Best and Worst of 2006

Only two trading days remain in the year and, in the absence of any market nosedives between now and Friday, bulls will probably be pleased with the stock market’s performance in 2006. The S&P 500 Index ($SPX) has added a respectable 14.3%, the Dow Jones Industrial Average ($INDU) is up 16.74% to record highs, and the NASDAQ ($COMPQ) is up 10.24%.The gains aren’t limited to the large cap stocks of the Dow, S&P 500, or NASDAQ. The Russell 2000 Small Cap Index ($RUT) gained 18.5% and the S&P MidCap Index ($MID) rose more than 10%. In addition, nearly every sector of the market moved higher as well. Steel stocks were among the best gainers. Investor appetite for steel companies rose amid merger hopes and better pricing for the metal. So, despite concerns about slowing demand from autos and housing, stocks like AK Steel (AKS) and Chaparral Steel (CHAP) surged more than 100%. The SIG Steel Producers Index ($STQ) is up nearly 50% on the year. Tech stocks traded mostly higher. Computer stocks led the sector in 2006. The GSTI Computer Index ($GHA) surged 31.65% since December 31, 2005. Internet and software stocks also did well.

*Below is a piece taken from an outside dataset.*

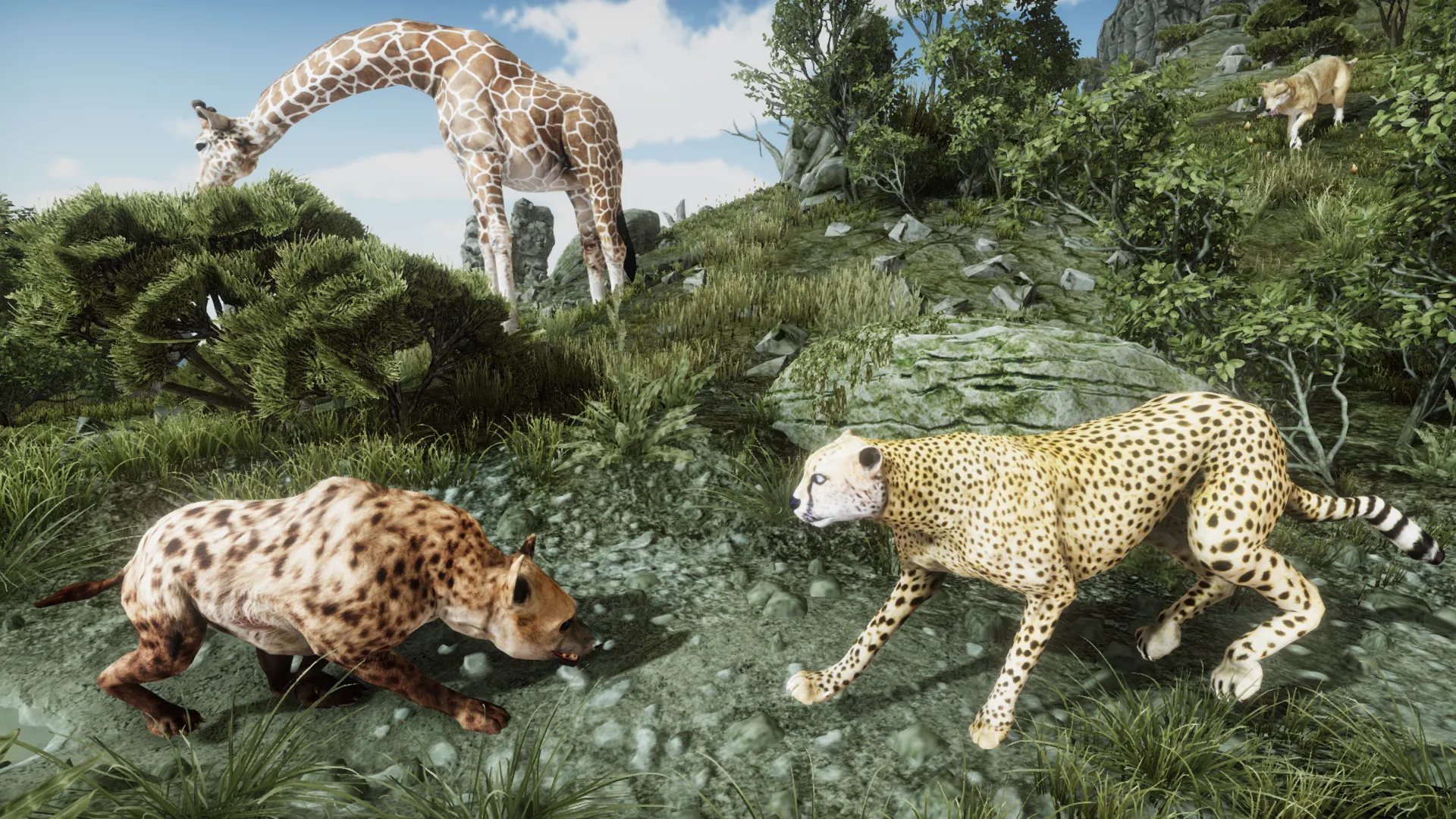 Ultimate Cheetah Simulator | Indus Appstore | Screenshot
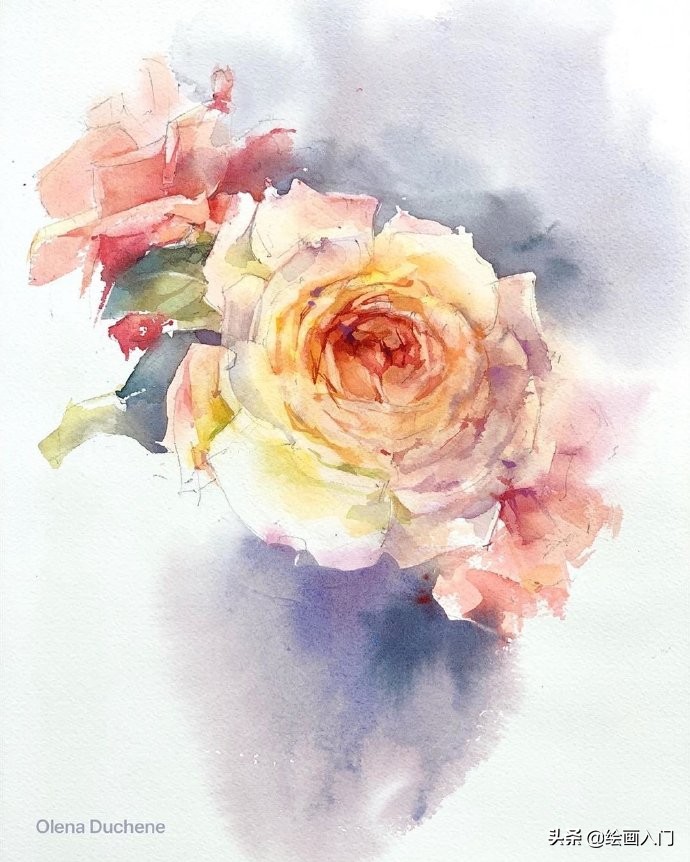 唯美写意水彩花卉,各种水彩花卉的表现技法学习吧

However, semiconductors did not. The PHLX Semiconductor Index ($SOX) is off 2% and, at 469.97; the chip index is below its 2003 closing value of 508.21 The Dogs of the Dow ($MUT) made a comeback. The investment strategy, which involves buying the ten Dow stocks with the highest dividend yields at the beginning of the year, delivered a 27% return so far in 2006. The advance follows an 8.85% decline in 2005. Energy stocks continued their dominant performance. The Select Sector Energy Fund (XLE), which holds all of the energy-related stocks from within the S&P 500 Index, is up 18%. The gains add to a 23.4% advance in 03, a 31.8% rally in 04, and a 38.5% surge last year. Major oil companies led the rally. The AMEX Oil Index ($XOI) is up 21.4%. Meanwhile, the AMEX Natural Gas Index ($XNG) has added 12.53% and the PHLX Oil Service Index ($OSX) gained 11.1%.Brokers and banks helped lift the financials. The Select Sector Financial Fund (XLF) rallied 17.21%. Commodity-related stocks, consumer staples, retailers, and cyclicals also beat the S&P 500 Index. Utilities, airlines, and gold mining stocks also did well in 2006.